Would you output the listing exactly, with every image omitted?

Supplied entries:
⟨

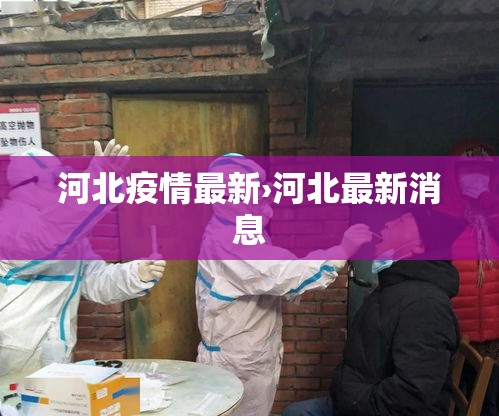 河北疫情最新›河北最新消息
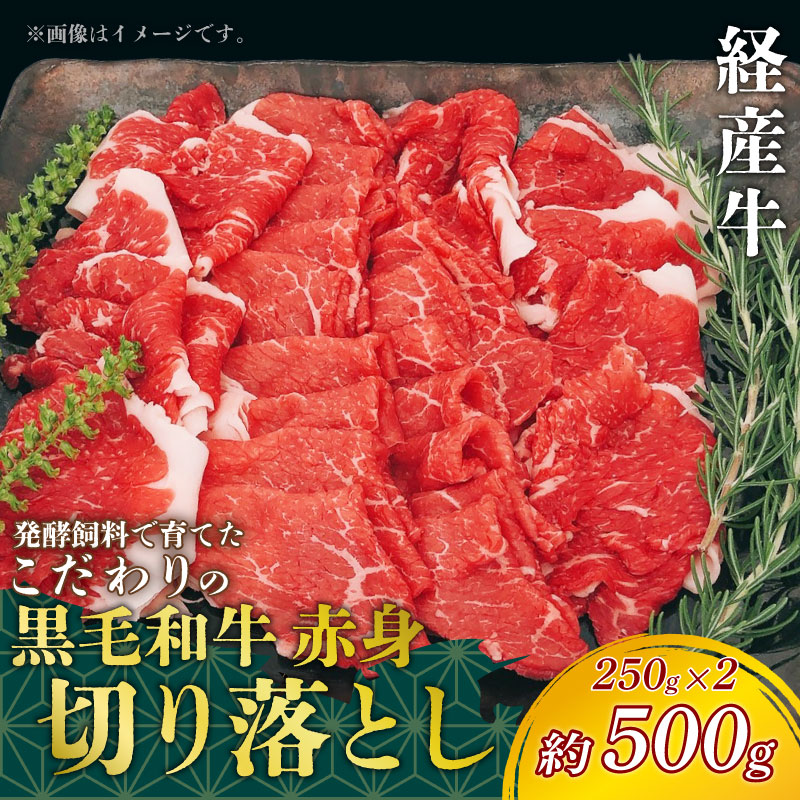 【ふるさと納税】 黒毛和牛 赤身切り落とし 約500g (250g&times;2) 冷凍 経産牛 切り落とし 小分け パック 赤身 肉 牛肉 国産 切落し 赤身肉 国産牛肉 国産牛 お肉 赤み 切り落し 切り落とし 人気 おすすめ 愛知県 南知多町｜愛知県南知多町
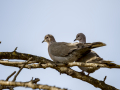 Paloma torcaz - Columba palumbus - Tudó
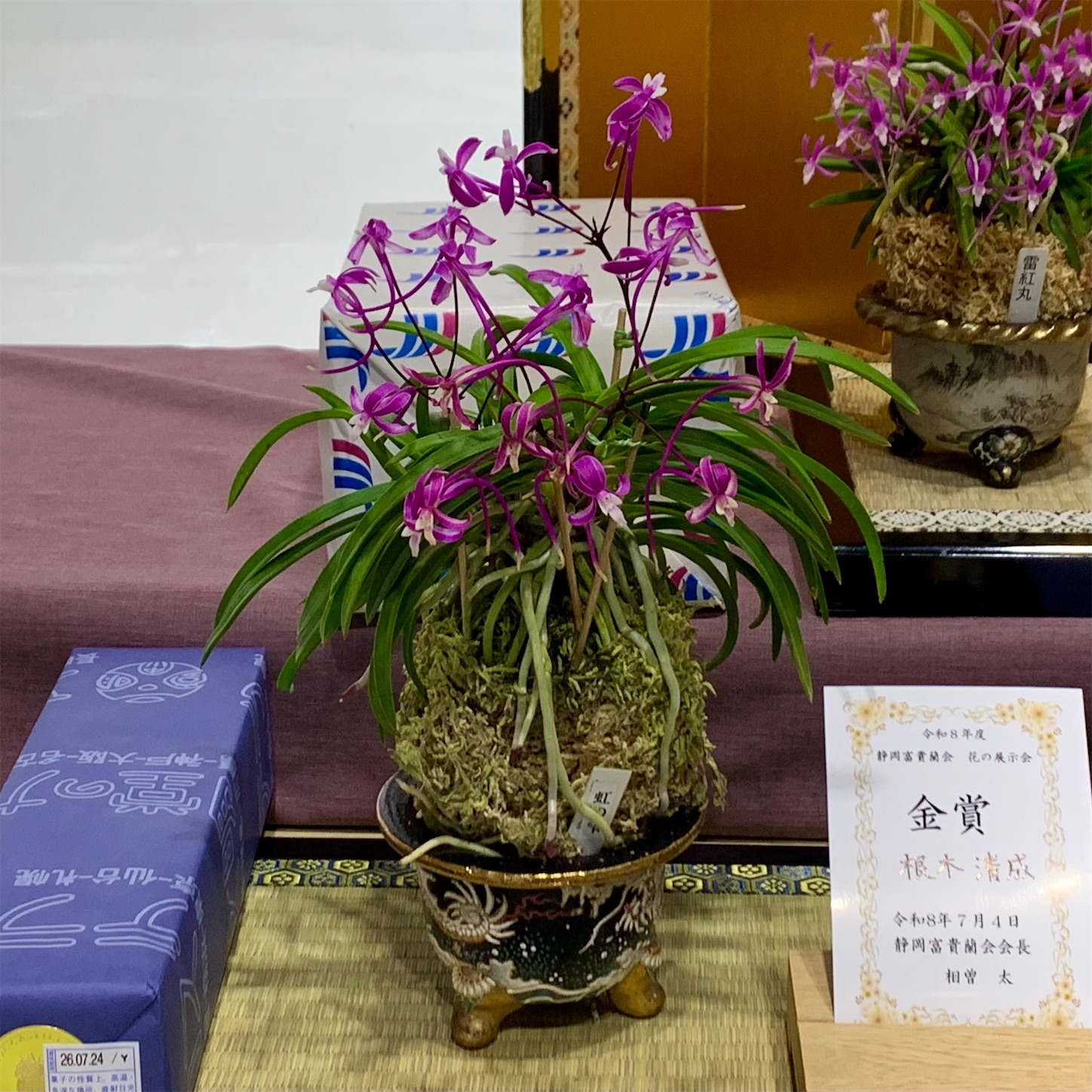 静岡富貴蘭会 花の会 会長賞は紫大師 - 純風満蘭（富貴蘭・風蘭ブログ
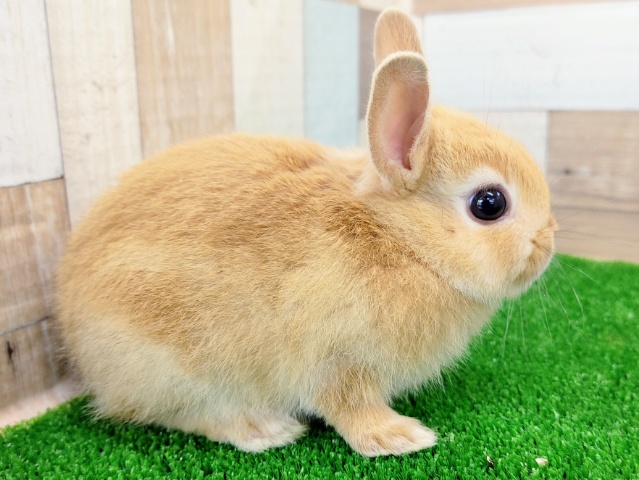 ネザーランドドワーフ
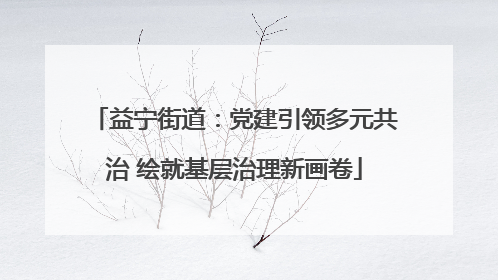 益宁街道：党建引领多元共治 绘就基层治理新画卷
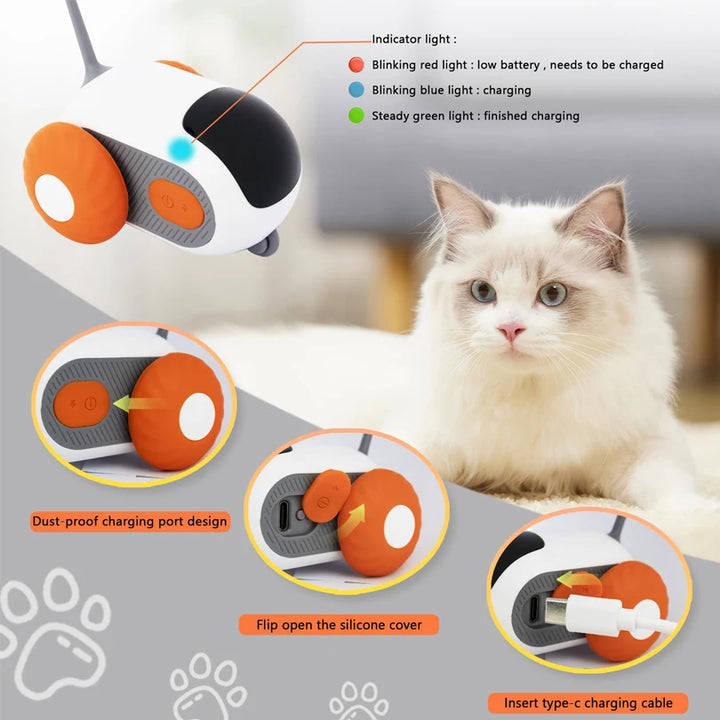 Automatic Cat and Dog Play Toy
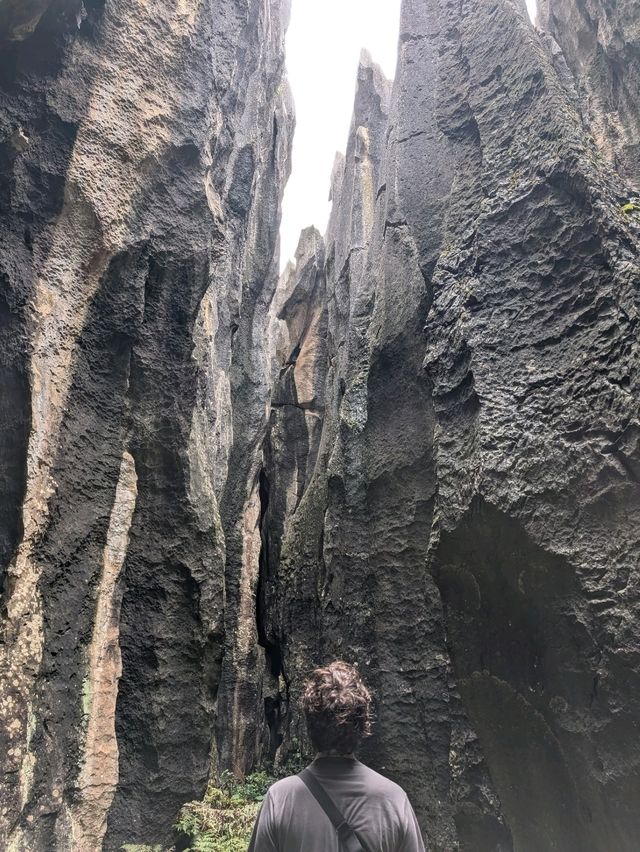 A Visit to The Stone Forests (and Stone Teeth) of Guilin 🏔️🌳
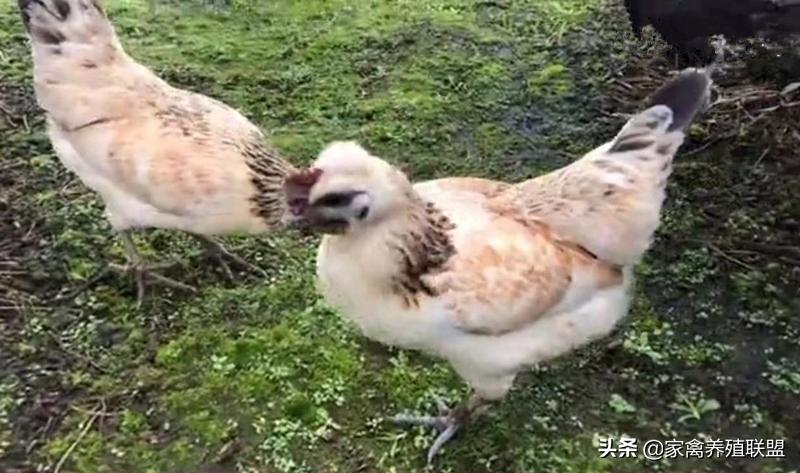 养这种“四黑鸡”3年,他快被顾客给“玩坏”了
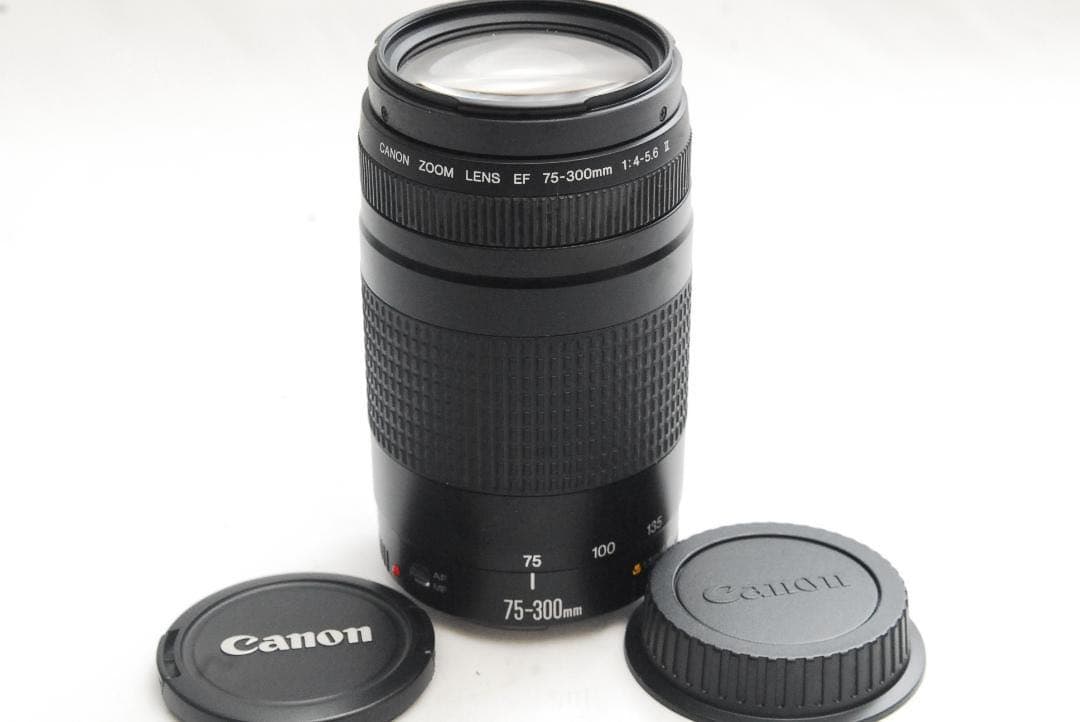キャノン/望遠レンズ/Canon EF75-300㎜1:4-5.6Ⅱ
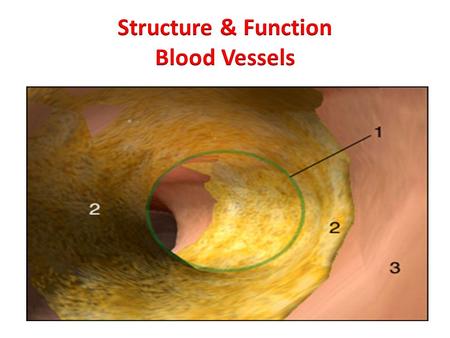 Types of Blood Vessels 1.Arteries: Carry blood away from the heart Blood leaving heart starts off in large vessels called arteries Arteries become smaller.
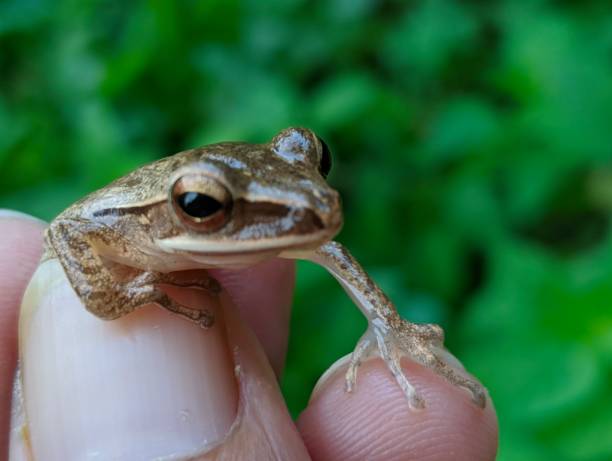 istock Close-up of a frog cub holding a human hand 1455874342
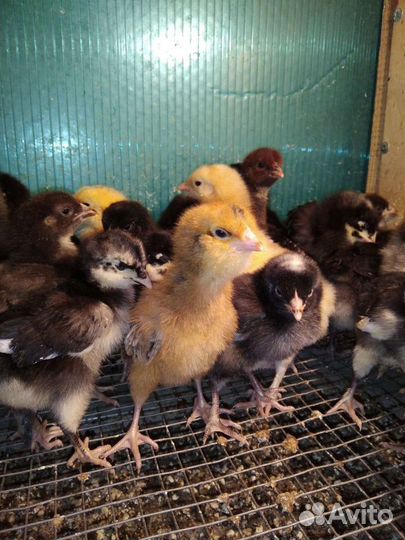 Яйцо Индейки и Цесарки. Разная птица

⟩

Exercise result:
 河北疫情最新›河北最新消息
 【ふるさと納税】 黒毛和牛 赤身切り落とし 約500g (250g&times;2) 冷凍 経産牛 切り落とし 小分け パック 赤身 肉 牛肉 国産 切落し 赤身肉 国産牛肉 国産牛 お肉 赤み 切り落し 切り落とし 人気 おすすめ 愛知県 南知多町｜愛知県南知多町
 Paloma torcaz - Columba palumbus - Tudó
 静岡富貴蘭会 花の会 会長賞は紫大師 - 純風満蘭（富貴蘭・風蘭ブログ
 ネザーランドドワーフ
 益宁街道：党建引领多元共治 绘就基层治理新画卷
 Automatic Cat and Dog Play Toy
 A Visit to The Stone Forests (and Stone Teeth) of Guilin 🏔️🌳
 养这种“四黑鸡”3年,他快被顾客给“玩坏”了
キャノン/望遠レンズ/Canon EF75-300㎜1:4-5.6Ⅱ
 Types of Blood Vessels 1.Arteries: Carry blood away from the heart Blood leaving heart starts off in large vessels called arteries Arteries become smaller.
 istock Close-up of a frog cub holding a human hand 1455874342
 Яйцо Индейки и Цесарки. Разная птица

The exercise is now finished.